Brief:
Every record shown here needs to be repeated exactly.

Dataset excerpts

○ ○ ○ ○ ○ ○ ○

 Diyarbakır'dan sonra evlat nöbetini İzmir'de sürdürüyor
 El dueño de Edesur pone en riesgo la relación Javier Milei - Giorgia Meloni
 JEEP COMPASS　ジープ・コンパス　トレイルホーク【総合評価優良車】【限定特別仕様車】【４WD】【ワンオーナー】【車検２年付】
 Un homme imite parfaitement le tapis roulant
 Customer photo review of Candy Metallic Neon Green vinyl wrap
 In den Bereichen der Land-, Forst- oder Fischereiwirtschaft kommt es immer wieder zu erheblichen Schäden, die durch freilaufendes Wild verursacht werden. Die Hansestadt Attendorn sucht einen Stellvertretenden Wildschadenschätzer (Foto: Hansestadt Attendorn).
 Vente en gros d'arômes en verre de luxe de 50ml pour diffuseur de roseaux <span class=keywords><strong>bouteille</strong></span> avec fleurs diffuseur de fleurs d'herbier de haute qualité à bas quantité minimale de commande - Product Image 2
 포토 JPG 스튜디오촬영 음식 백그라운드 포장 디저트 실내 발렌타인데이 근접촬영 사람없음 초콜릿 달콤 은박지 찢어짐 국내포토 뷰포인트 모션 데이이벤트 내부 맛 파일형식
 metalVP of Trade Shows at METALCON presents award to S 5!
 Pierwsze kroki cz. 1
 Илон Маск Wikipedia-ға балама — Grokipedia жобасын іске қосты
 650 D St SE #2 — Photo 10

○ ○ ○ ○ ○ ○ ○

Solution:
 Diyarbakır'dan sonra evlat nöbetini İzmir'de sürdürüyor
 El dueño de Edesur pone en riesgo la relación Javier Milei - Giorgia Meloni
 JEEP COMPASS　ジープ・コンパス　トレイルホーク【総合評価優良車】【限定特別仕様車】【４WD】【ワンオーナー】【車検２年付】
 Un homme imite parfaitement le tapis roulant
 Customer photo review of Candy Metallic Neon Green vinyl wrap
 In den Bereichen der Land-, Forst- oder Fischereiwirtschaft kommt es immer wieder zu erheblichen Schäden, die durch freilaufendes Wild verursacht werden. Die Hansestadt Attendorn sucht einen Stellvertretenden Wildschadenschätzer (Foto: Hansestadt Attendorn).
 Vente en gros d'arômes en verre de luxe de 50ml pour diffuseur de roseaux <span class=keywords><strong>bouteille</strong></span> avec fleurs diffuseur de fleurs d'herbier de haute qualité à bas quantité minimale de commande - Product Image 2
 포토 JPG 스튜디오촬영 음식 백그라운드 포장 디저트 실내 발렌타인데이 근접촬영 사람없음 초콜릿 달콤 은박지 찢어짐 국내포토 뷰포인트 모션 데이이벤트 내부 맛 파일형식
 metalVP of Trade Shows at METALCON presents award to S 5!
 Pierwsze kroki cz. 1
 Илон Маск Wikipedia-ға балама — Grokipedia жобасын іске қосты
 650 D St SE #2 — Photo 10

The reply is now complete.